Began with a 5-hour drive from San Jose to Tuolumne Wilderness Office in Yosemite. Arrived around 2pm ready to hike and summit 6 peaks in 6 days. No realizing some “inclement weather” was upon me, I received my physical permit (required to carry when backpacking) and promptly deep-sixed all my plans! Thunderstorms, along with lightning, flash flood warnings and tremendous amounts of rain were forecasted over the next three days. Great! (Oh, and the forecast was right!).
The Ranger suggest I not go in my targeted area since non of it was protected. In fact, Mt. Lyell and Mt. Maclure might not be accessible due to the rivers rising.
I waited in my car while awaiting the leaving of the torrential rain. Finally, at 3pm, it stopped, and I began the journey. Instead of heading down Lyell Canyon….
Towards the beginning of Lyell Creek
… I went via Rafferty Creek. What a GREAT trail with a gradual climb to 10,000 feet.
One of the great scenes on Rafferty Creek
Ended up at one of the six High Sierra Camps called Vogelsang where I stayed in the spacious backpackers camp. With Fletcher Peak with Fletcher Lake as the backdrop, this is where I stayed for two nights (due to the powerful Thunderstorms).
Fletcher Peak with the Lake
On the zero day, I decide to squeeze in a summit Vogelsang Peak. Having not been prepared for this, I noticed a trail on the map. I can assure you, there was no trail! Just pure boulders and straight up. Noticing the clouds gathering, I tried to hurry up the best I could.
One of the lakes on the way to Vogelsang Peak
Heading to Vogelsang Summit
Bouldering up and navigating gravel on a steep terrain was a challenge. Many times I decided to stop and return… but, for some reason, kept going… I couldn’t believe I made it to the false summit with less than one mile to go.
Top of the false summit, looking at the peak
False summit with less than a mile to the top
Ran into two people who were coming down from the top-cute couple. They encouraged me to finish which, navigating through the bushes, I did.
Vogelsang Peak. The green is large plants with boulders in-between.
Having made it to the stop, grabbed a snack and took some pictures, it began to rain. There is no place like the top of an 11,498’ peak when a thunderstorm breaks out overhead. Needless to say, I sped down the 1400’ as quickly as I could. Having arrived around 2pm, it pretty much rained until the next day, with hours of thunder and lightning.
I decided the following morning to get up early and take the 9 mile hike down from 10,100’ elevation to 7150’. The High Sierra Camp (all HSC’s are closed in 2021) called Merced Lake. Off I went around 8:30am. The views along the way were tremendous.

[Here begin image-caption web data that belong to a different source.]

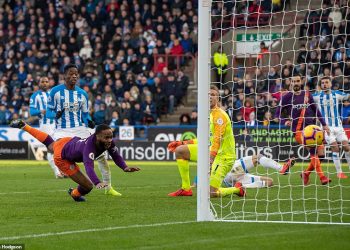 Raheem Sterling looks on as his diving header finds the back of the net to double Man City’s lead at Huddersfield Town, Sunday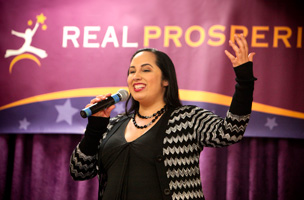 Photo of PJ Van Hulle speaking onstage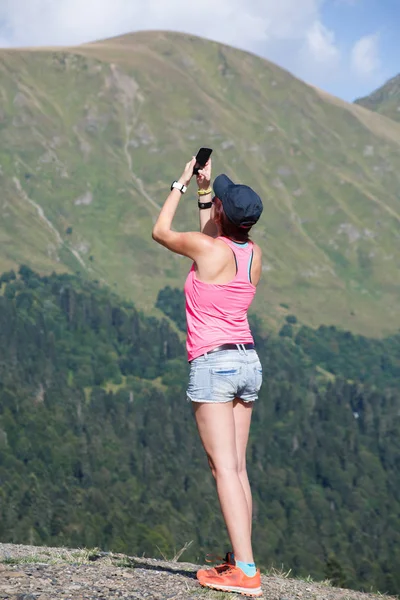 Foto von Brünette, die sich gegen den Berg fotografiert — Stockfoto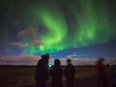 Tourists photograph the Northern Lights near Reykjavik, Iceland.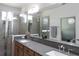 Bathroom with double sinks, gray counter tops, wooden cabinets, and a glass enclosed shower at 6617 Harper Way, Harmony, FL 34773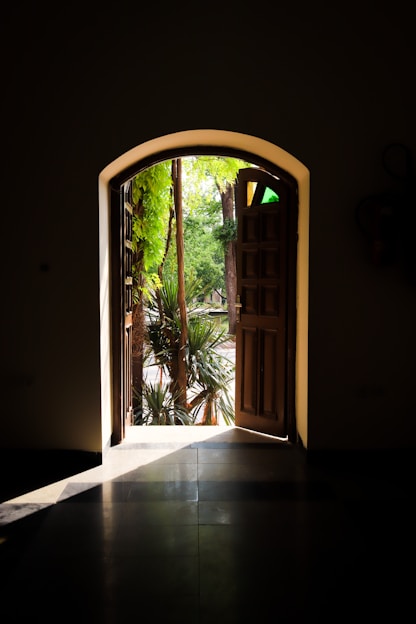 an open door leading into a lush green garden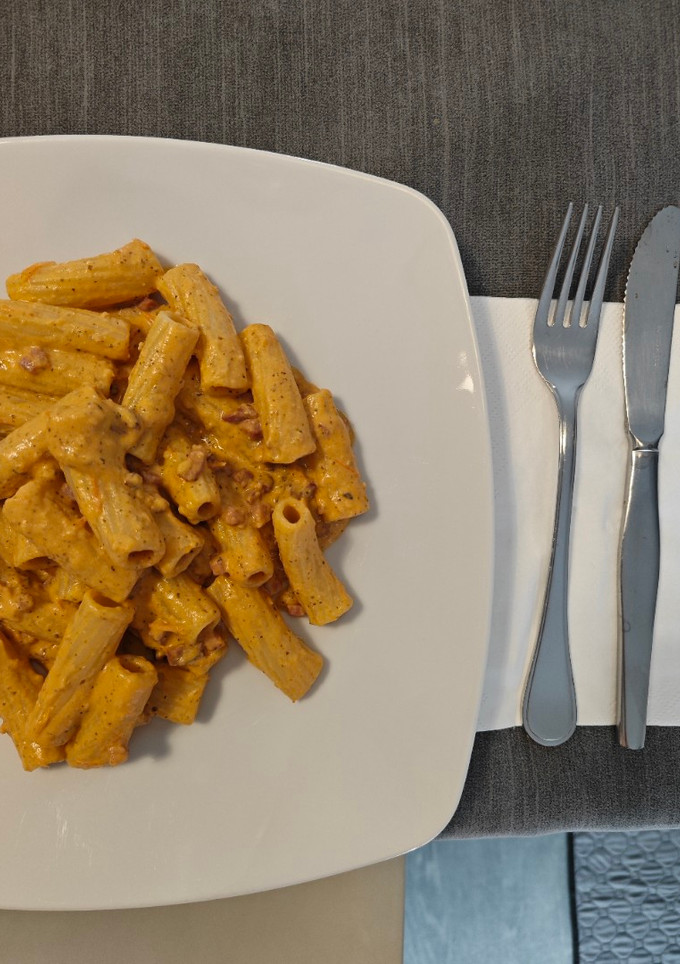 Una foto de Rigatoni con salsa de tomates cherry y queso feta con jamón serrano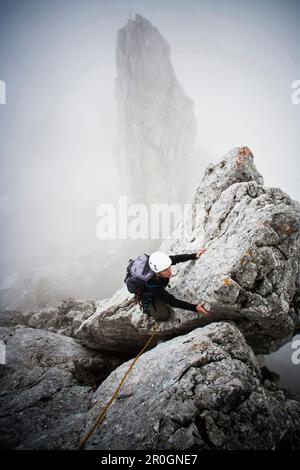 Weibliche Bergsteiger am Kopftoerlgrat, Kapuzenturm im Hintergrund, Ellmauer Halt, Kaisergebirge, Tirol, Österreich Stockfoto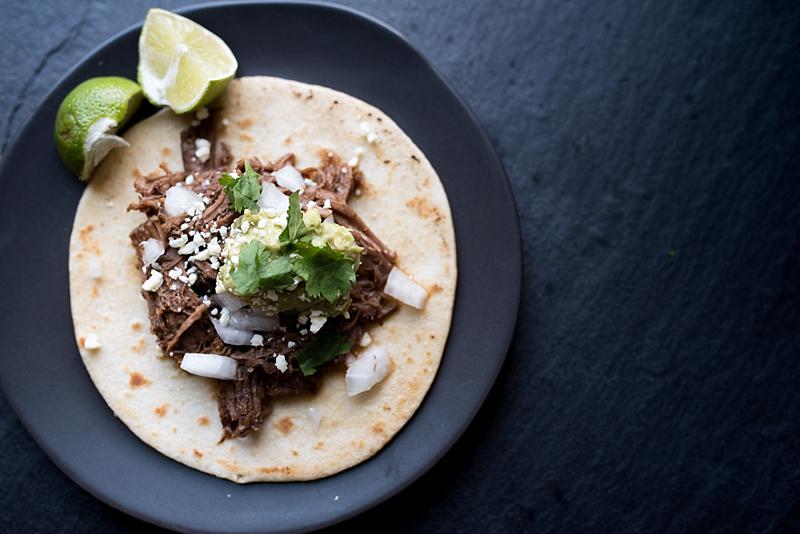 This slow cooker beef barbacoa recipe comes together in 5 minutes and cooks all day or till tender and falling apart. Dinner & leftovers will be delicious! from FirstandFull.com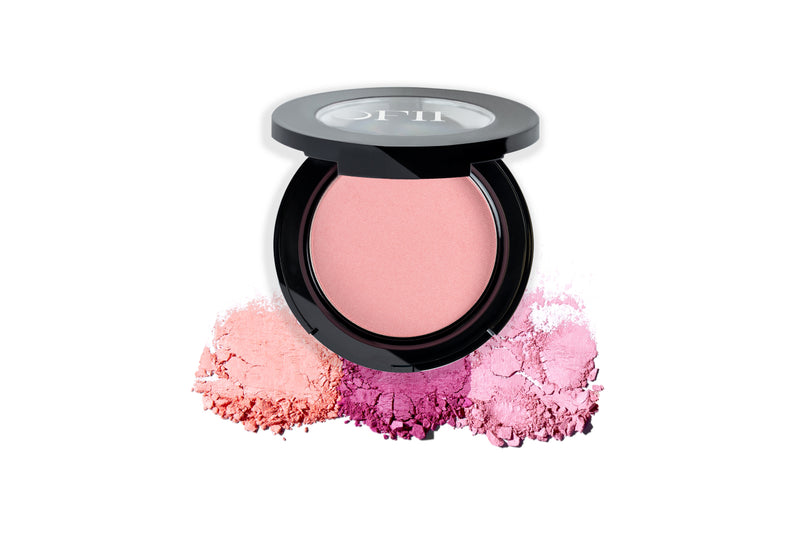 A compact of pink blush with its black casing open, showcasing finely milled powders in soft peach, vibrant pink, and light purple hues.
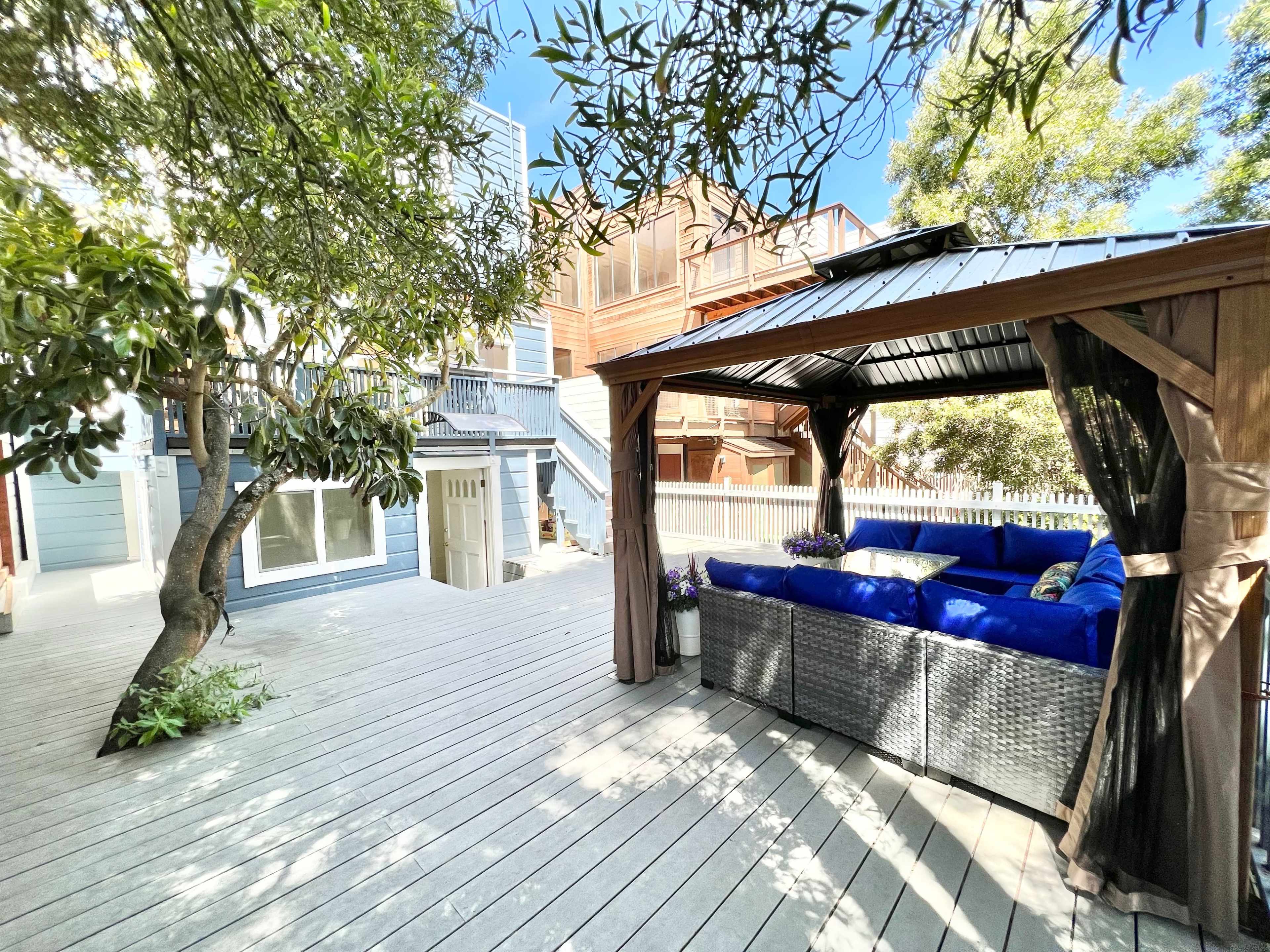A wooden deck features a gazebo with seating, surrounded by trees and adjacent to a multi-story building.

Heading towards Merced Lake
Emeric Lake is hiding behind the hill!
The flow of water was amazing
I finally made it to Merced Lake, deciding to pass the lake and camp on the opposite side of the high sierra camp. With plenty of water, shelter from any storms, it was time to relax and enjoy.
6:53am Sunrise on Merced Lake
After breakfast and packing up, I let Duckie Jones know it was time to be off on our next adventure. Since this was a completely unscripted adventure, we had three choices: Head towards Clouds Rest and camp there; head towards Cathedral Lake or head towards Sunrise, High Sierra Camp. In the end, I decided to go to Sunrise, which is at 9,350’. Pretty much, this would be an uphill day with a 9+ mile hike.
Duckie Jones Goofing Off
With many incredible views along the way…
More Wonderful Views
Finally made it to Sunrise. One hiker gave me a tip of a camping spot up top with incredible views. What a great tip!

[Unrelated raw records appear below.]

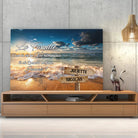 Toile prénoms personnalisée plage et coucher de soleil posée sur un meuble bas, décoration salon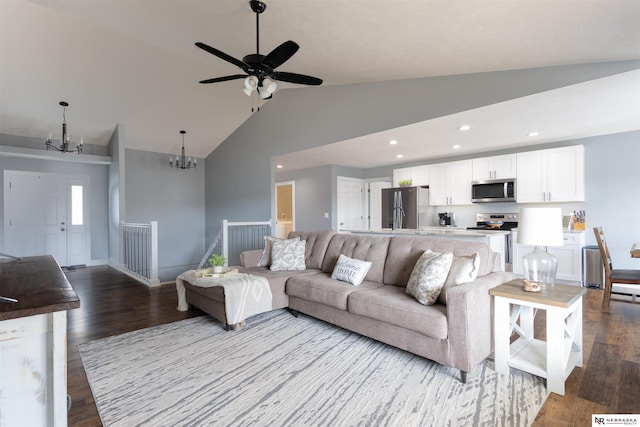 living room featuring ceiling fan with notable chandelier, lofted ceiling, and hardwood / wood-style floors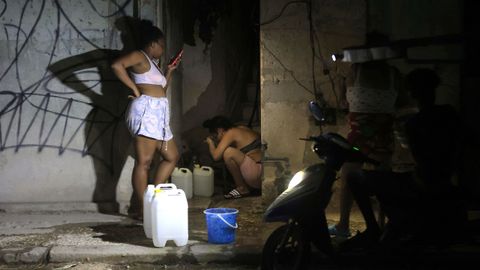 Persoas enchen recipientes con auga durante un apag�n o xoves pasado na Habana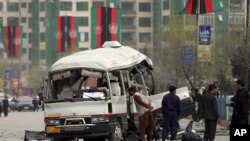 FILE - Security personnel inspect the site of a bomb attack in Kabul, Afghanistan, March 15, 2021.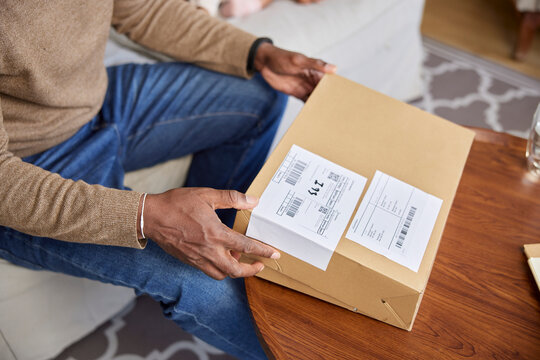 Man opening package on table at home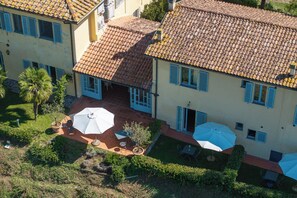 A residential building with a tiled roof, multiple windows with shutters, and outdoor seating areas with umbrellas. - La Certaldina, Luna Apartment (Certaldo)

View of Cathedral Peak and Echo Range
View from my camping area
View from Sunrise
The following day I headed towards Cathedral Peak. Wanted to summit the peak but did not have instructions or downloaded maps… On the way, the views were amazing.
Cathedral Peak from Cathedral Lake
I saw one unnamed lake off trail near the base of Cathedral. Venturing off, I found it. And what an incredible find it was! My own unnamed lake!

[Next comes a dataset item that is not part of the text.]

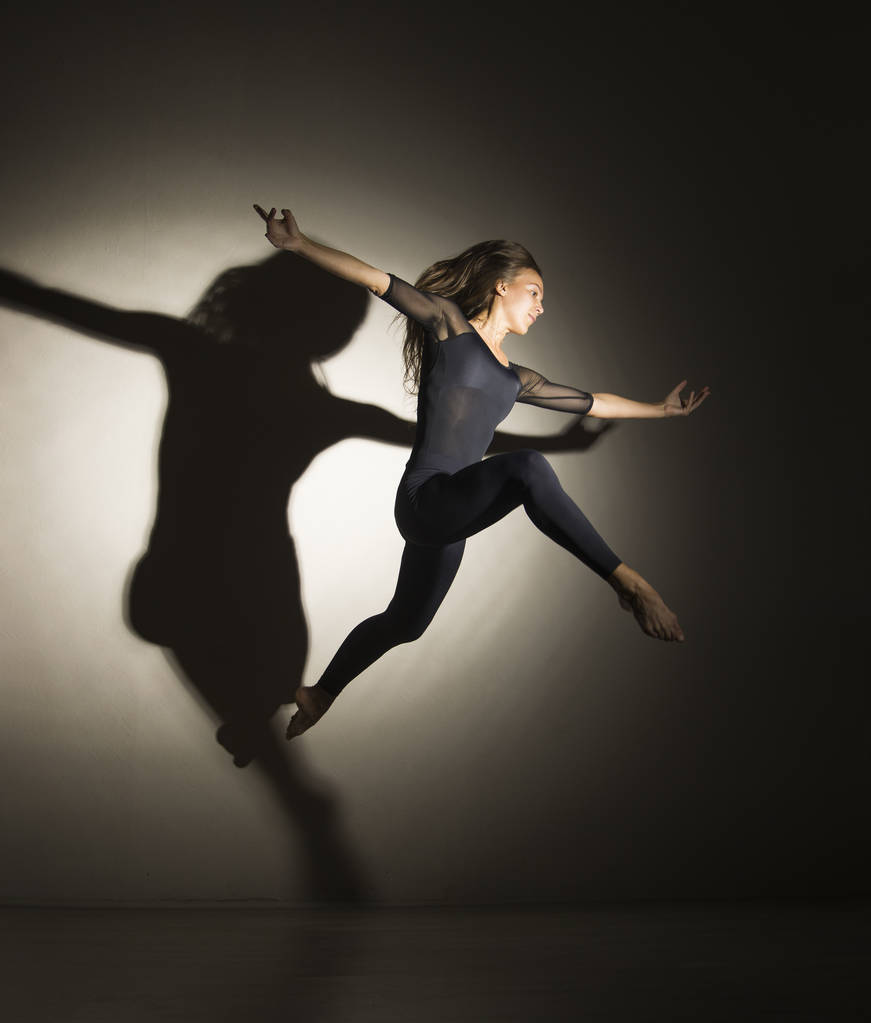 Дівчина в темряві виконує гімнастичні стрибки, на білому тлі є тінь з форми
. - Фото, зображення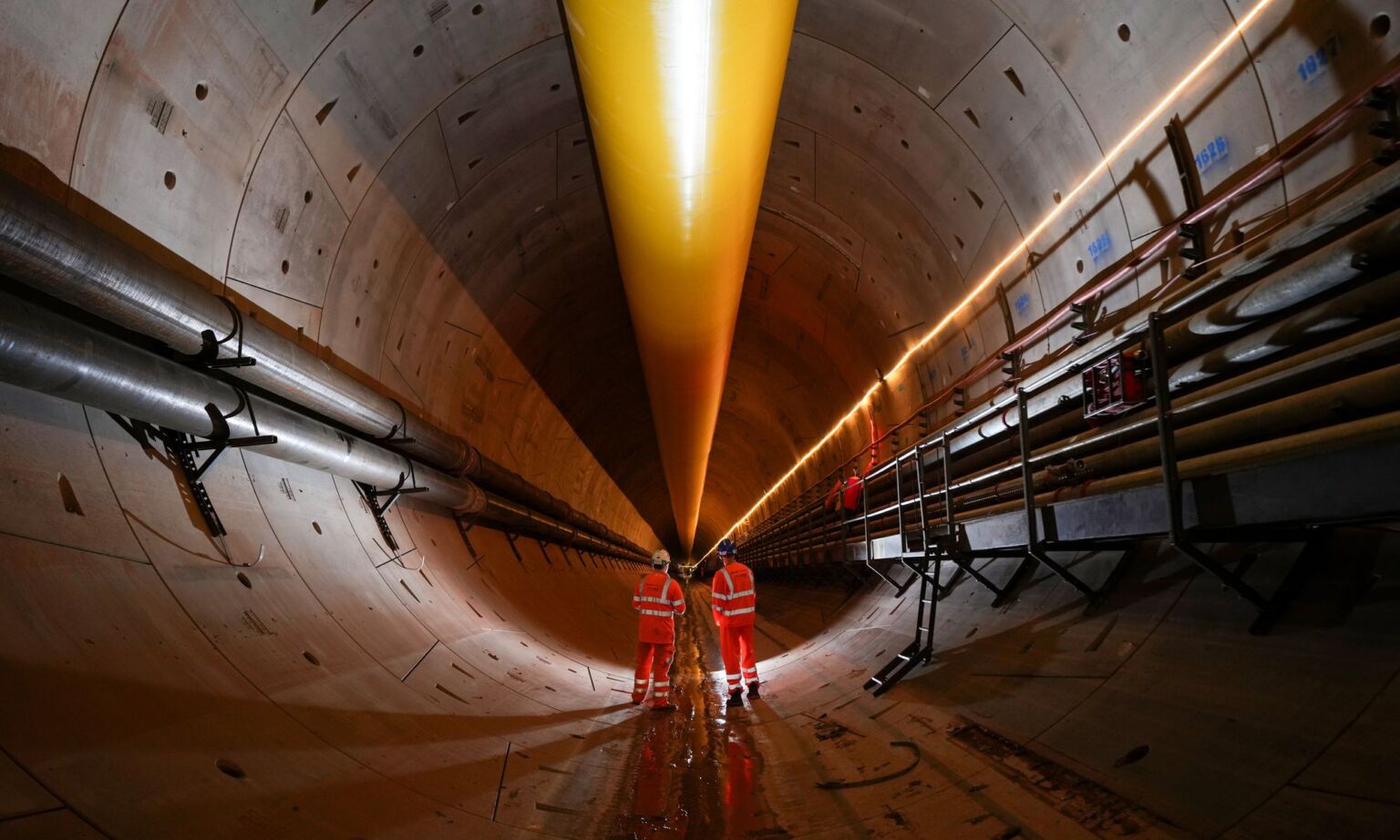 Mining engineers inspect the progress of the Mary Ann tunnel boring machine in the HS2 Bromford Tunnel in Water Orton, England, 2024.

Unnamed Lake at the base of Cathedral Peak
Turns out, it was a perfect place to rest, eat, take my day pack out and begin the climb to the peak. I only made it up to about 9700’. Turns out this was probably a class 4. One day, I’ll return and summit it – but probably from the other side!
View from the unsuccessful peak climb
Taking a rest on the ledge. Yes, that is straight down. Yes, I believe I slept.
View of the unnamed lake from the climb
The bowl from where the lake sits with the peak in view. On the righthand side is the class 4, heading up on the ridge.
Since I was so close to the car (about 6 miles), and didn’t have another destination in mind, I decided to hike out. What an adventure!